Elle aurait prévalu plus tôt si la constitution des grandes agglomérations de forces et de ressources n'avait été, à tort ou à raison, considérée comme dangereuse à la sécurité des établissements politiques sous le régime de l'état de guerre. C'était une maxime de gouvernement qu'on ne pouvait laisser se constituer un État dans État. Cette maxime a fini par tomber en désuétude, mais l'intervention des gouvernements en matière d'association a continué de subsister. Nulle part le droit des individus à constituer des associations et à les organiser suivant leur convenance ne s'exercent pleinement. Partout, des "lois sur les associations" réglementent et limitent, en cette matière, la liberté individuelle. De plus, d'autres lois, ayant à la fois un caractère protectionniste et fiscal, protègent les entreprises individuelles, les "maisons" contre les "sociétés" en taxant les revenus perçus sous forme de dividendes, tout en laissant indemnes ceux qui sont perçus sous forme de profits.

Cette intervention réglementaire et protectionniste des gouvernements en matière d'association a eu d'abord pour résultat de faire obstacle à la constitution des sociétés pour des entreprises dépassant les forces et les ressources d'un individu ou même d'une maison.

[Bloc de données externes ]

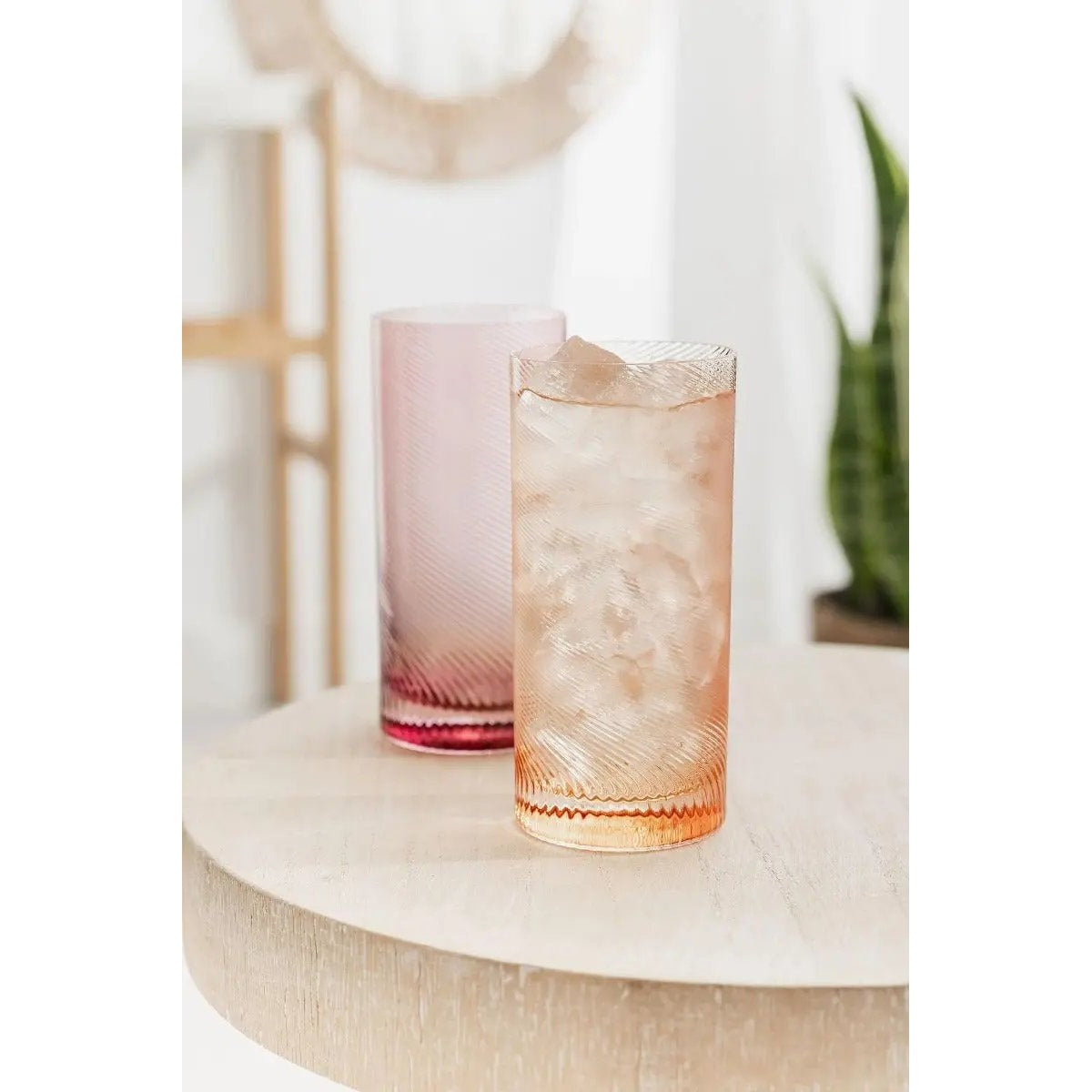 Longdrink Gläser Twist 2er-Set pink/peach von Uberstar
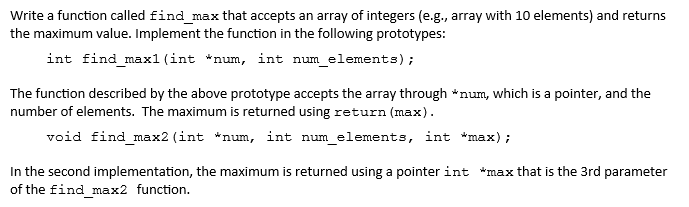 Solve using C language (not C++). Please include comments. Solve using C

En l'absence de ces sociétés qu'ils empêchaient de naître, par les restrictions et les conditions onéreuses qu'ils leur imposaient, les gouvernements, tant nationaux que municipaux, n'ont pas manqué de mettre la main sur des services en dehors de leurs attributions naturelles, au double détriment des producteurs et des consommateurs. Ensuite, cette même intervention a eu pour résultat de retarder, sinon d'empêcher, la transformation des maisons en sociétés, tant par la taxe protectrice des premières que par l'obstacle que la réglementation des statuts constitutifs des secondes a opposé aux progrès de leur organisation. Comme nous l'avons remarqué ailleurs, cette organisation est demeurée fort imparfaite et son imperfection balance parfois et au delà les avantages que la société présente sur la maison. Si la constitution des sociétés était libre comme celle des entreprises individuelles, la concurrence aurait pu agir pour la perfectionner et la supériorité économique de cette forme des entreprises serait déjà devenue manifeste.

Mais lorsque, d'une part, les débouchés de la production cesseront d'être limités par l'obstacle artificiel des douanes, s'ajoutant à l'obstacle naturel des distances pour compenser son abaissement, lorsque, d'une part, la constitution et l'organisation des entreprises seront rendues pleinement libres, la société deviendra la forme prépondérante et on peut ajouter nécessaire des entreprises dans la généralité des branches de la production.

Elle en sera la forme prépondérante parce qu'elle peut, en vertu de sa nature même, réunir, à moins de frais que la maison, le capital indispensable à la production. Elle en sera la forme nécessaire parce qu'elle rendra possible, dans un marché devenu illimité, la solution du problème de l'équilibre de la production et de la consommation [1].

 

Note

[1] Voir les Notions fondamentales d'économie politique, 2e partie chap. III. Le progrès de la constitution des entreprises.